* **Task material**:

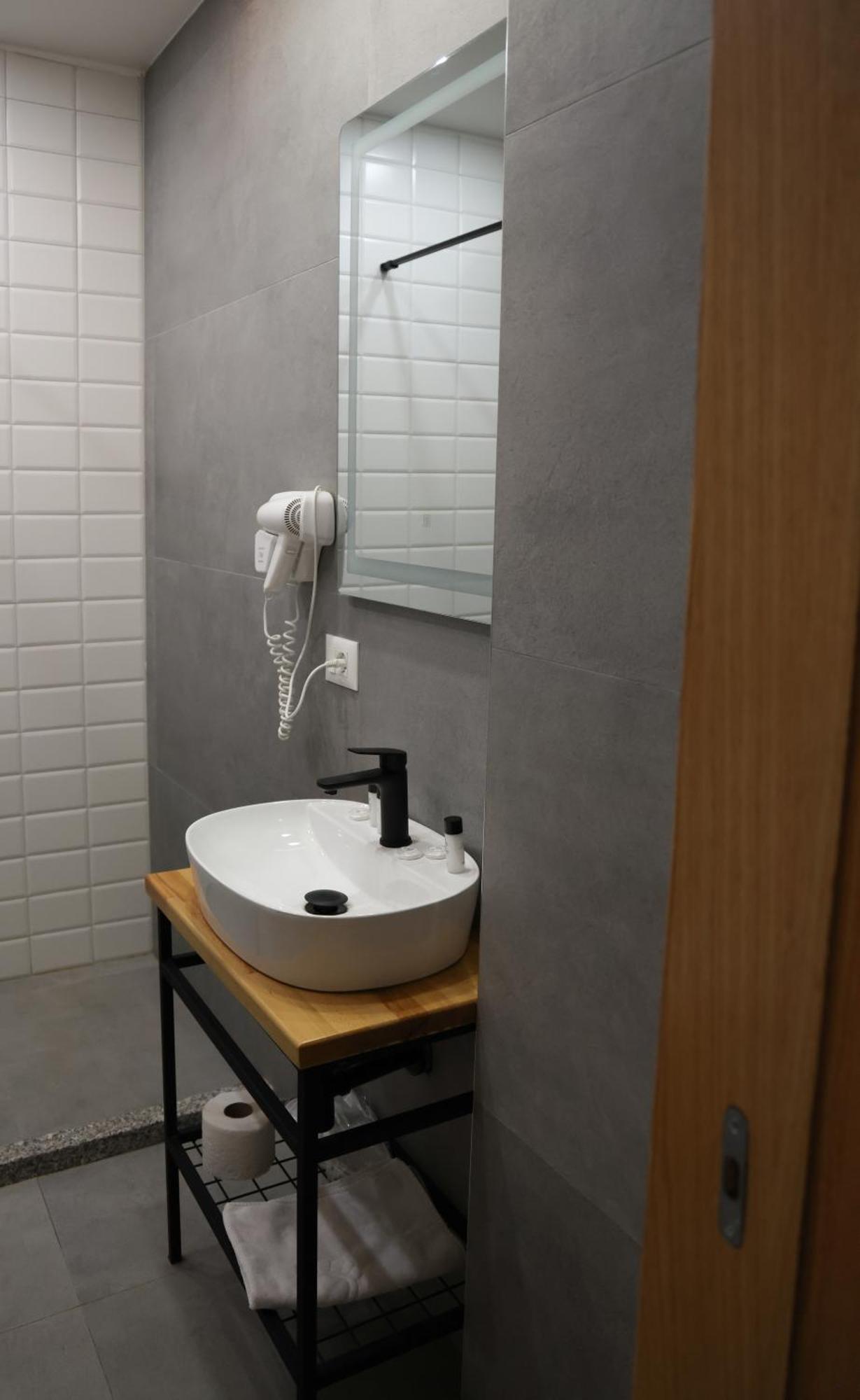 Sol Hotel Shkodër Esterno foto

---

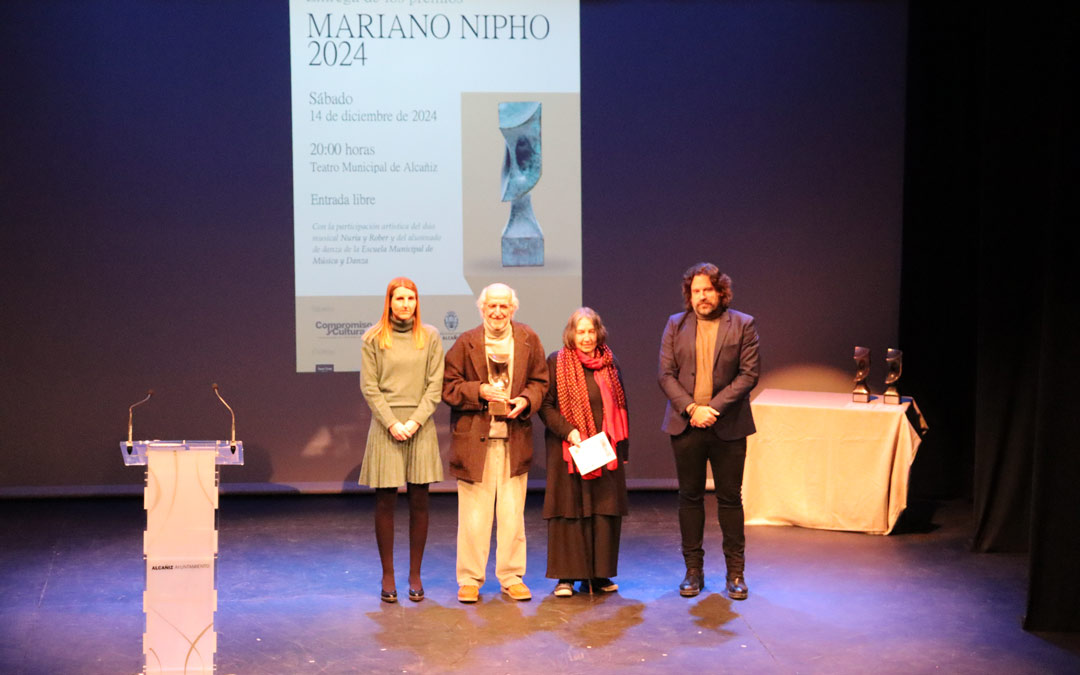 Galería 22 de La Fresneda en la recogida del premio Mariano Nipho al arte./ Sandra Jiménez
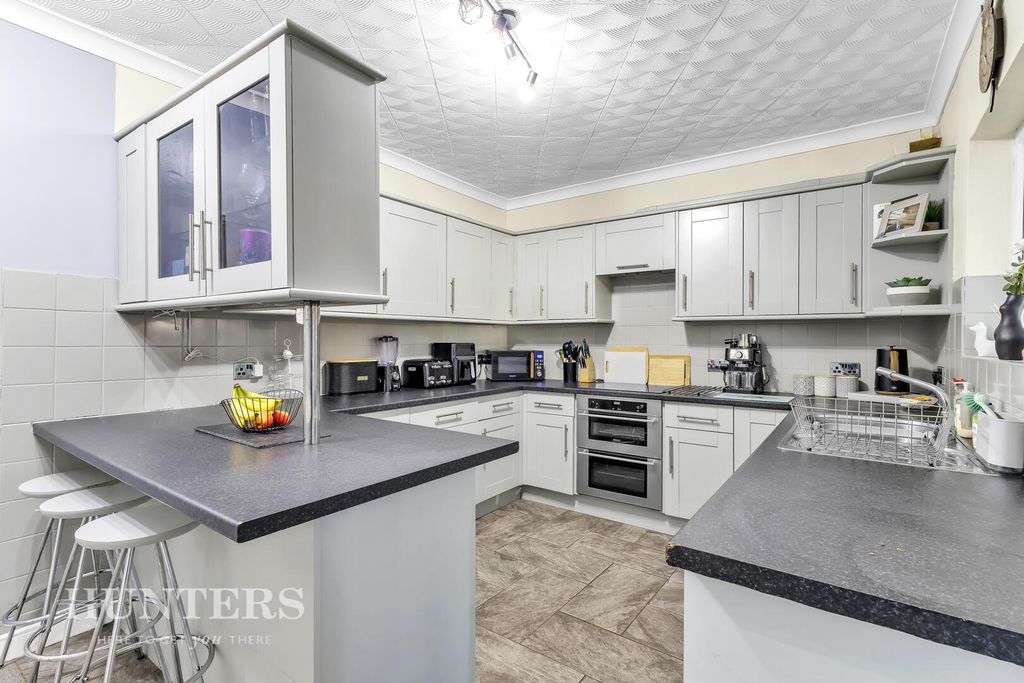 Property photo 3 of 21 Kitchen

* **The task**: Starting at the line containing "Galería 22 de" and stopping at the line containing "Property photo 3 of 21 Kitchen", output each line exactly as it appears above. Leave out the pictures.

* **Solution to this problem**:
 Galería 22 de La Fresneda en la recogida del premio Mariano Nipho al arte./ Sandra Jiménez
 Property photo 3 of 21 Kitchen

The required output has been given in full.